Assisting in the development of that understanding is the company’s approach to data analytics and how it is applying it to understand complex problems in ways that were difficult to do in the past.
“At ConocoPhillips, we see data analytics as a tool that every one of our employees is going to use to be more productive. We do not see this as something that is necessarily replacing humans; it supplements a human's capabilities as they can get more work done in a much shorter period,” he said.

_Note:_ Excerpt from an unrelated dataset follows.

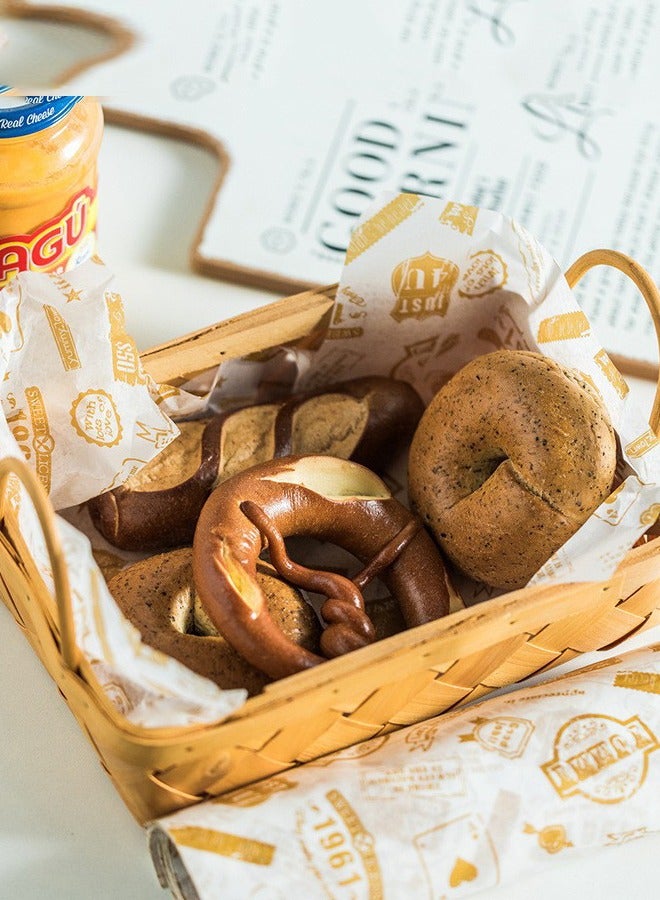 50 Pieces Food Wrapping Paper Wax Paper Cake Wrappers Gift Wrapping Basket Liner Grease Proof Paper Crafting Cheese Bread Paper - Image 4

“For example, if you went back just a few years, it took us over 20 days to go from spud-to-spud on a well in the Eagle Ford. Today it is now around 12 days, and a huge part of that improvement is the use of data analytics to understand how to optimize every single operation involved in the drilling of an Eagle Ford well.”
The company is using data analytics in essentially all of its operations around the world, he noted, adding that in all of those operating areas—from Alaska, the North Sea or in the Asia Pacific—where the use of data analytics is having as big of an impact as it is in unconventional reservoirs.
“Ours’ is an industry drilling tens of thousands of wells a year. From those wells, we’re extracting enormous amounts of data that can then be analyzed,” he said. “That data along with modern analytics tools are enabling us to gain insights that would be very difficult to gain with the tools of the past. So today is a very exciting time.”